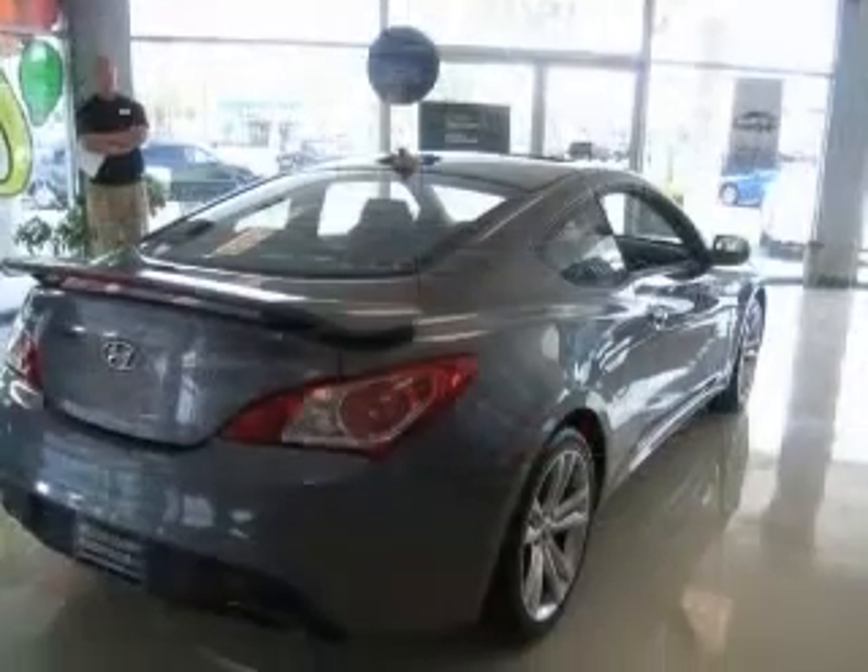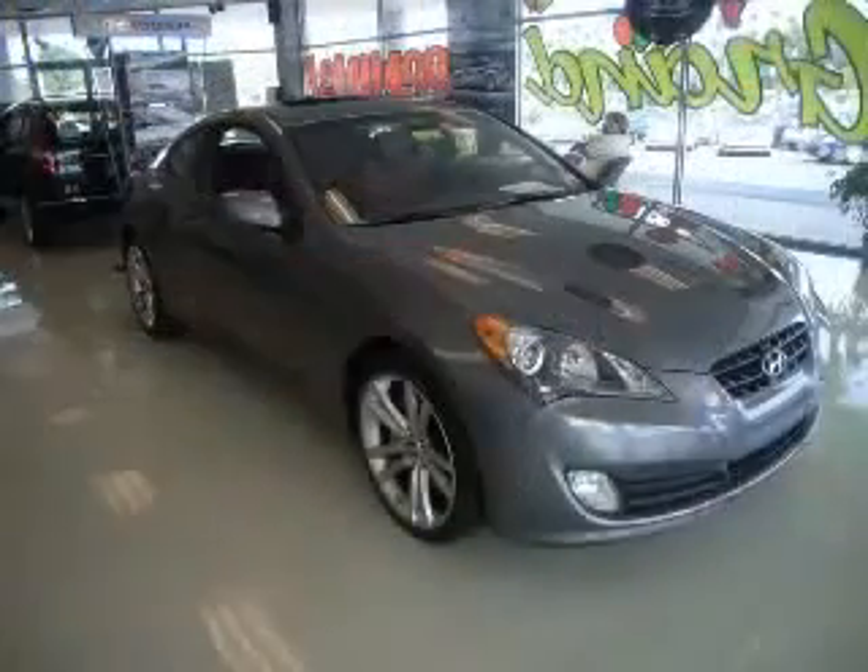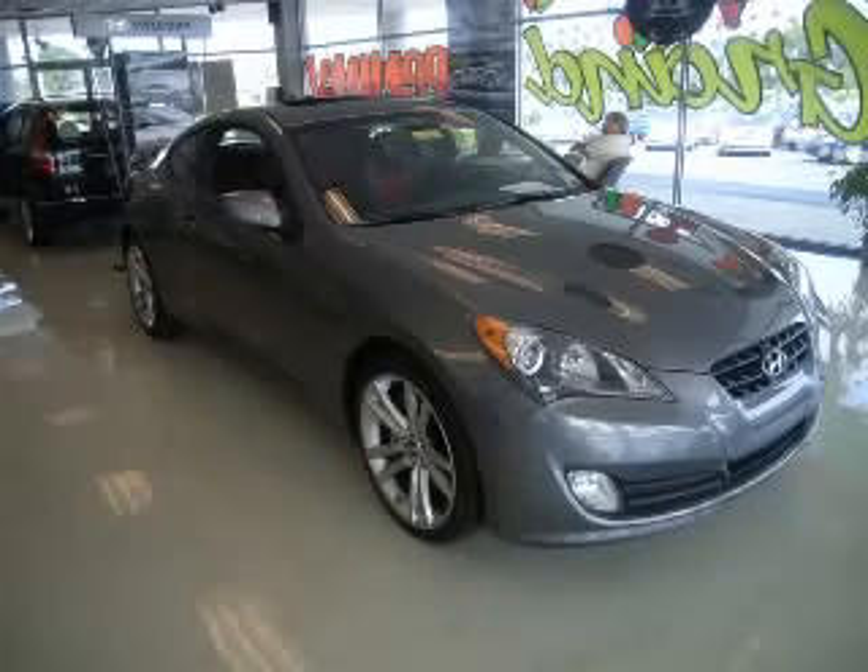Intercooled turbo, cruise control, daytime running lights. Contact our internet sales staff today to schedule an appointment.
* * *
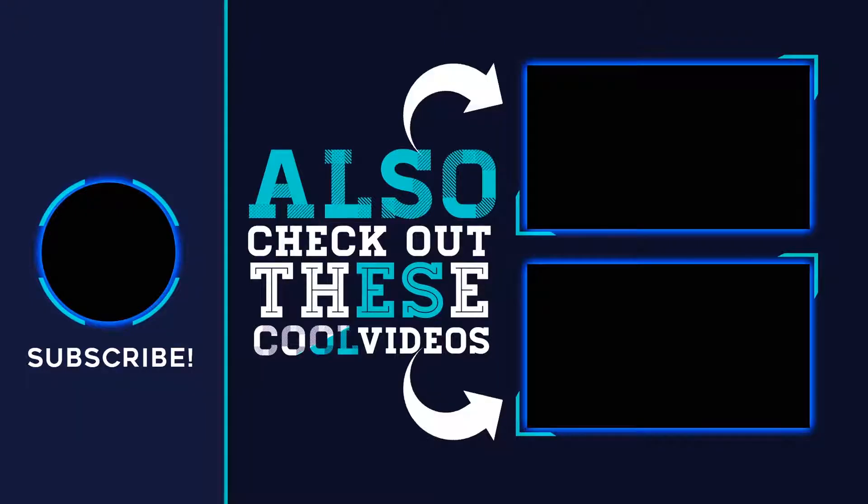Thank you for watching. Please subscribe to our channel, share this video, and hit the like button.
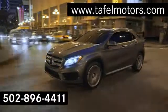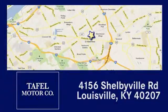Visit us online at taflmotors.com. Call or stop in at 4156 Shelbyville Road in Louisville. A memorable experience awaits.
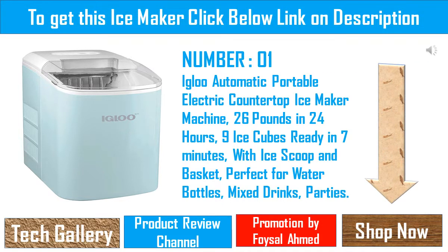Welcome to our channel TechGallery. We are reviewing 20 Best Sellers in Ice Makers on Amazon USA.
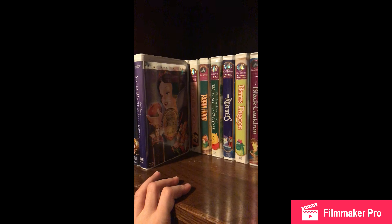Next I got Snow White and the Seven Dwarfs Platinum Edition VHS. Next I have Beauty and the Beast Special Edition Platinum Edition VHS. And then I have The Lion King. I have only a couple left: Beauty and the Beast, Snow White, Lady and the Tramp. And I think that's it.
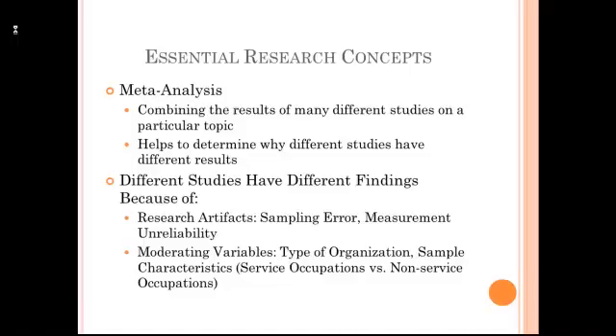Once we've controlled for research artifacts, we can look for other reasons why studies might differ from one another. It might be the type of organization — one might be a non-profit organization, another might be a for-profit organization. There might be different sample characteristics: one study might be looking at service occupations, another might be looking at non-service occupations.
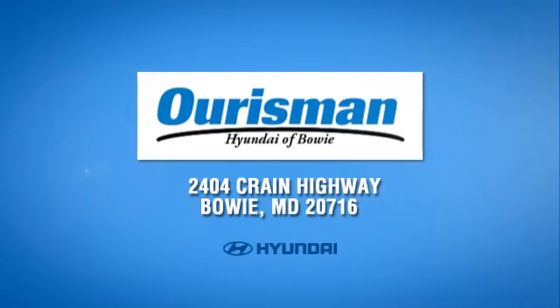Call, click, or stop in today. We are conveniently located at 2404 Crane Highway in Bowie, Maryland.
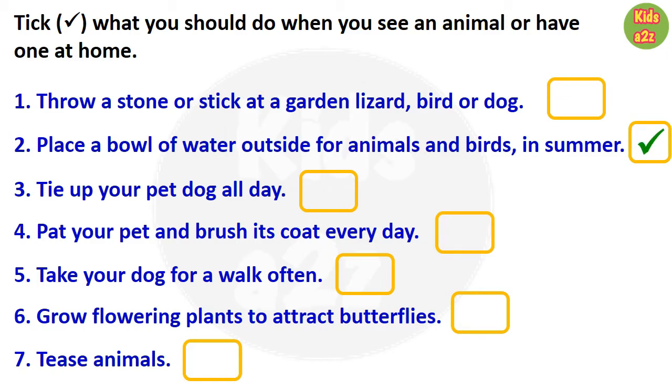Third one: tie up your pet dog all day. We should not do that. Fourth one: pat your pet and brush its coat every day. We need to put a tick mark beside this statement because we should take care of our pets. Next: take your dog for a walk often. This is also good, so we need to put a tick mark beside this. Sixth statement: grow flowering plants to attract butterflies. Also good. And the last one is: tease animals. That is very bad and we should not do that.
...
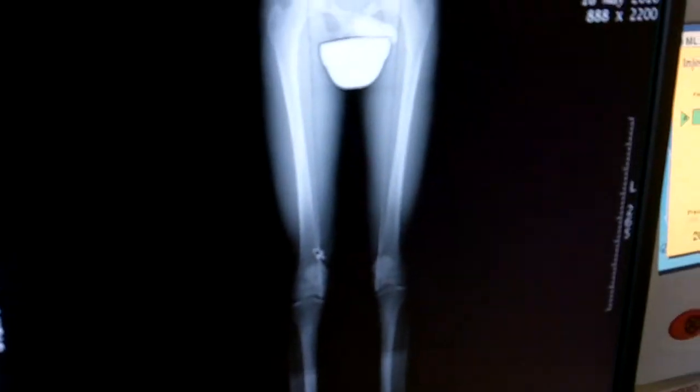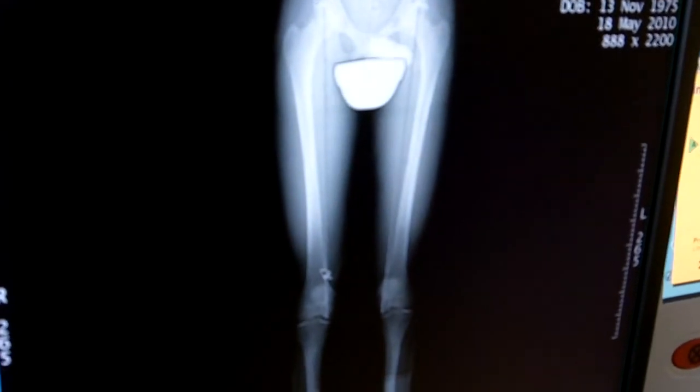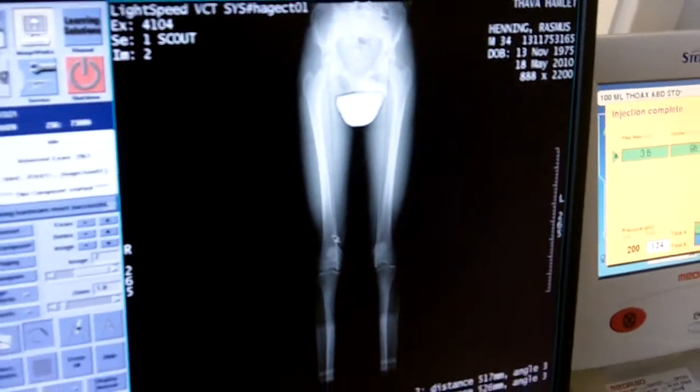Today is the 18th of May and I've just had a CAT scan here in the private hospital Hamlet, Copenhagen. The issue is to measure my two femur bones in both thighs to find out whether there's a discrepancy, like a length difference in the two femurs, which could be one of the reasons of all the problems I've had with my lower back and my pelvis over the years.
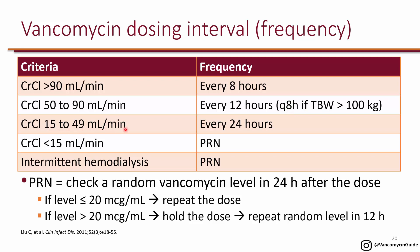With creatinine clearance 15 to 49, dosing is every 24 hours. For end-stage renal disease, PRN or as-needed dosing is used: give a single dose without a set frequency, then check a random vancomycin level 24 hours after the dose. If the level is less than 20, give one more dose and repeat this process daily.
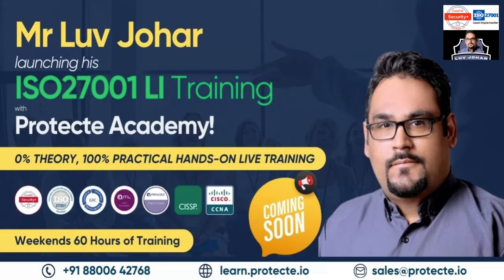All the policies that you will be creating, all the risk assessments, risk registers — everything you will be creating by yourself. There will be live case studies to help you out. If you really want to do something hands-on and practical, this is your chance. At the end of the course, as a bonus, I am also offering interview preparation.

:: Work required ::
A clean copy is needed of the lines above from the one with "Next I got Snow" up to and including the one with "Third one: tie". Please set it down exactly, with no pictures.

:: Written solution ::
Next I got Snow White and the Seven Dwarfs Platinum Edition VHS. Next I have Beauty and the Beast Special Edition Platinum Edition VHS. And then I have The Lion King. I have only a couple left: Beauty and the Beast, Snow White, Lady and the Tramp. And I think that's it.
Once we've controlled for research artifacts, we can look for other reasons why studies might differ from one another. It might be the type of organization — one might be a non-profit organization, another might be a for-profit organization. There might be different sample characteristics: one study might be looking at service occupations, another might be looking at non-service occupations.
Call, click, or stop in today. We are conveniently located at 2404 Crane Highway in Bowie, Maryland.
Third one: tie up your pet dog all day. We should not do that. Fourth one: pat your pet and brush its coat every day. We need to put a tick mark beside this statement because we should take care of our pets. Next: take your dog for a walk often. This is also good, so we need to put a tick mark beside this. Sixth statement: grow flowering plants to attract butterflies. Also good. And the last one is: tease animals. That is very bad and we should not do that.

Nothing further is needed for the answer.